Shaping Theological Education through Global Conversation

I love being a Baptist, because being Baptist is all about freedom— freedom of worship, freedom of belief, freedom that’s for all people. Every January, I leave the cold lands of my Kentucky home and return to the place where Baptists began. 

Amsterdam is a city less for known Baptist history and more for abnormal coffee shops. It is here where I gather annually with believers from around the world to share research and engage in global issues and challenges. 

The International Baptist Studies Centre (IBTS) has a long history of providing theological education for faith leaders in countries around the globe. Located on the west side of the city, research colleagues travel from all around the world for the annual Colloquium, hosting conversations among scholars.
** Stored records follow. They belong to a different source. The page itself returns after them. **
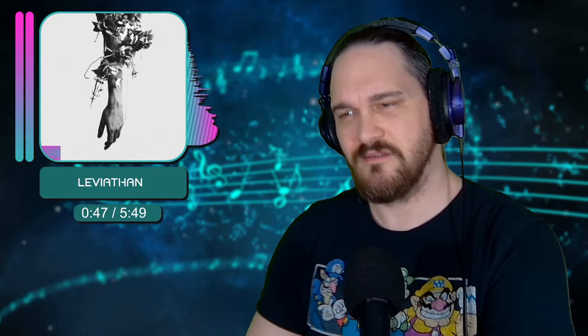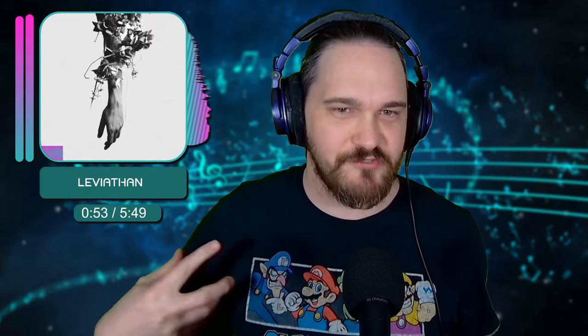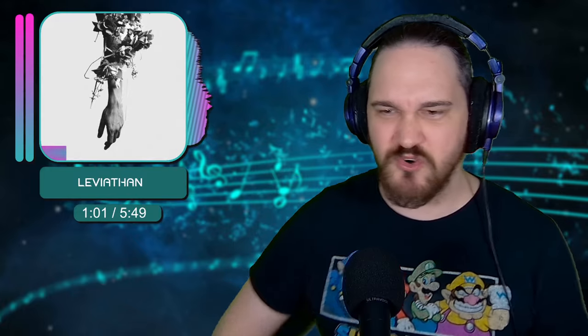The drummer's absolutely killing it here. Just a melodic, fast-moving, aggressive drum work. Full toms, but you hear that hi-hat work too — opening it up, going for the crash.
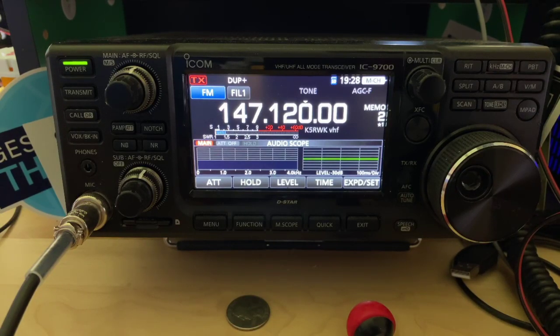KG5EIU. I'm going to show you how to use the enhanced reporting features on the Richardson repeater at 147.120 by sending it star 512 with some DTMF. I've got my ICOM 9700 here ready to go.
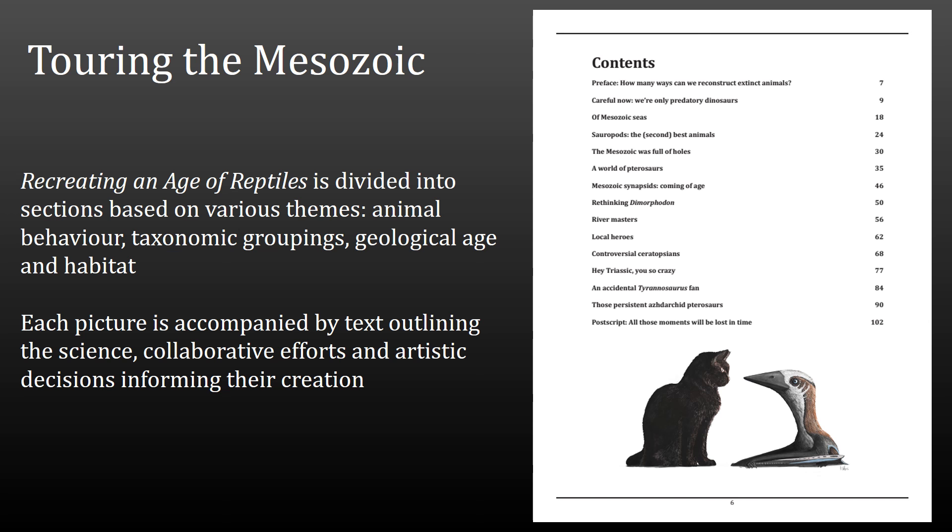Because the book is fairly broad in its approach to depicting the Mesozoic, I've been creative in how I divided it up — into sections, rather than chapters, as they're not long enough to be chapters. You can probably see the contents page on screen if you're watching in high enough resolution. You get a sense of how the book's been divided into taxonomic groups, different animal behaviours, different habitats, and different parts of geological time. Within each of those sections, rather than just putting pictures up and saying here they are, I've tried to give some insight into how the pictures were actually created — some of the science behind the decisions which informed the paintings, some of the artistic decisions that were made, and any interesting stories about collaborations with scientists. So this is definitely an art-dominant illustration book, but it's not devoid of text — hopefully it's something worth reading as well as looking at.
IBTS is a research community for the global church, a place for holy colloquy. This week, we gathered once again to engage in conversations on a global scale that touch our academic and ecclesial context. IBTS is one of the few Baptist communities that lives out the true nature of being Baptist. 

Baptists create space for freedom of thought, belief and practice. Getting out of the country is a privilege in itself. 

Studying abroad every year is even more so. It is in this global Baptist community that I become fully aware of the privilege I have as an American. 

Don’t get me wrong, I love being an American. America is all about freedom— freedom of religion, freedom of speech, freedom that’s supposed to be for all people. 

However, I’ve learned that as an American and a white person, I often arrogantly take these freedoms for granted. As a white American, it can be difficult to engage in a global conversation while sitting in the comfort of a coffee house where lattes cost more than an hourly wage in many countries. 

As a white American, it is challenging to see beyond my own bias to what is going on around the world when I have been taught that the world revolves around me. It isn’t until I literally step beyond the blinding biosphere of my narrow world that I learn to see how big God really is. When I engage with global diverse thoughts and beliefs, I get to see the Holy Spirit do her best work, transforming lives.  

IBTS creates a path to step into holy, transformative conversations with sisters and brothers living faithfully around the world.  It is a holy place where talking about peace looks different with a colleague from Lebanon. It is a sacred space where understanding war looks different when you listen to a theologian from Ukraine and a pastor from Russia. 

This is a community engaging in transformative conversations about justice and reconciliation from womanist, Jewish and Muslim scholars. Year after year, my eyes are opened when I show up at the Baptist House in Amsterdam. 

Year after year, my mind is transformed when I hear about the scholarly work from my global colleagues. Year after year, my spirit is renewed when I hear testimonies of the transformative work of the Holy Spirit in churches around the world. 

As a Baptist pastor and American doctoral student, I am so grateful that IBTS is shaping theological education by engaging in global conversation.